Mahenur later decided to do TV commercials and editorials. In 2016 she appeared in Jal’s music video for Layian Layian opposite Goher Mumtaz.

In 2018 she made her debuted in films with Imran Kazmi's Parchi, directed by Azfar Jafri. The film came out to be a blockbuster with Mahenur role of Natasha received positively reviews in newspapers and magazines.

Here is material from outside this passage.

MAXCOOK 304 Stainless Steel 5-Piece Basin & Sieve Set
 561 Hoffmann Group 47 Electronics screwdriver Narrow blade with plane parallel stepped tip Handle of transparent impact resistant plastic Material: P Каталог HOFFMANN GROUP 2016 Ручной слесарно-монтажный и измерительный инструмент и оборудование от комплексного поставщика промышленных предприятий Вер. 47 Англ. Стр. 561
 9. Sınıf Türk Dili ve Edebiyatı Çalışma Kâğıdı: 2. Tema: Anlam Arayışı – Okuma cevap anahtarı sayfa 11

The same year in July she appeared in the film Teefa in Trouble. Her role was Sara. The film was directed by Ahsan Rahim and had an ensemble cast of Ali Zafar, Maya Ali, Jawed Sheikh, Faisal Qureshi and Simi Raheal. Teefa in Trouble became one of the highest grossing films in the country her role was met with positive reviews.

In 2019, she appeared in the Strings music video for Raat Shabnami. The music video along with her performance garnered media attention and applaud.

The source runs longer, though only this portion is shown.